# Excerpted data
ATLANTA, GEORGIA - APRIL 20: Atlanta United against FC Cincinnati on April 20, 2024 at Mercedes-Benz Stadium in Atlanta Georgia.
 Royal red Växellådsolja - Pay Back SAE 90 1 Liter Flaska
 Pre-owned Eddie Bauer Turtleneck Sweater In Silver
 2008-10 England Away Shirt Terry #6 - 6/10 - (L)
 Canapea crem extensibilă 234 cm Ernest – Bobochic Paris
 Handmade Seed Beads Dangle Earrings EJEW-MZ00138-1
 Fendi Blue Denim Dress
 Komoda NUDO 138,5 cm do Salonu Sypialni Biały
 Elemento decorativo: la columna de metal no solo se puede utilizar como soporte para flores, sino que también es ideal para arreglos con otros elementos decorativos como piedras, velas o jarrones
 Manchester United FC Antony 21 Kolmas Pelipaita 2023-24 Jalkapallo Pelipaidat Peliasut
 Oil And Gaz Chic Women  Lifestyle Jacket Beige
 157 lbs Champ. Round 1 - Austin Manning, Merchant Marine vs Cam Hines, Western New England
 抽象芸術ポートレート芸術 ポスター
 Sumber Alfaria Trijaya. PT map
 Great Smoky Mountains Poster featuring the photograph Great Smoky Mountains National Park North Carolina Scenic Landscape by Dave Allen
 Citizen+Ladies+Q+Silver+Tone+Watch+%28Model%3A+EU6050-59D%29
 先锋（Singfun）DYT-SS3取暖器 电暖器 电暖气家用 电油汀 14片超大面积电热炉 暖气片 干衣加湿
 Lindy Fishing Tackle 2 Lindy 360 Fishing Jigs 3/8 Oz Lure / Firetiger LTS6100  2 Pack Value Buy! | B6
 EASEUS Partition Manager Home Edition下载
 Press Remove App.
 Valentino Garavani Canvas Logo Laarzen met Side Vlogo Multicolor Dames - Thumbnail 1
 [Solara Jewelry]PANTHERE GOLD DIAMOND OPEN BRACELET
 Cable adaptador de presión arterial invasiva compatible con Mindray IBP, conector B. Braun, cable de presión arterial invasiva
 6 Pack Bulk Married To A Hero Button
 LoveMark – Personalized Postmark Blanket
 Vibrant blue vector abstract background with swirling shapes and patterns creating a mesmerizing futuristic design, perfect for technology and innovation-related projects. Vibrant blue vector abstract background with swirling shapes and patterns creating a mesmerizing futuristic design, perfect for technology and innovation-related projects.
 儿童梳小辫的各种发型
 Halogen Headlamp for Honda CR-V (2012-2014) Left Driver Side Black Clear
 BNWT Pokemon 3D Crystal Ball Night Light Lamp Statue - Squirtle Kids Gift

# Required action
Print the records verbatim, stopping after the "Komoda NUDO 138,5" line.

# Solution to this exercise
ATLANTA, GEORGIA - APRIL 20: Atlanta United against FC Cincinnati on April 20, 2024 at Mercedes-Benz Stadium in Atlanta Georgia.
 Royal red Växellådsolja - Pay Back SAE 90 1 Liter Flaska
 Pre-owned Eddie Bauer Turtleneck Sweater In Silver
 2008-10 England Away Shirt Terry #6 - 6/10 - (L)
 Canapea crem extensibilă 234 cm Ernest – Bobochic Paris
 Handmade Seed Beads Dangle Earrings EJEW-MZ00138-1
 Fendi Blue Denim Dress
 Komoda NUDO 138,5 cm do Salonu Sypialni Biały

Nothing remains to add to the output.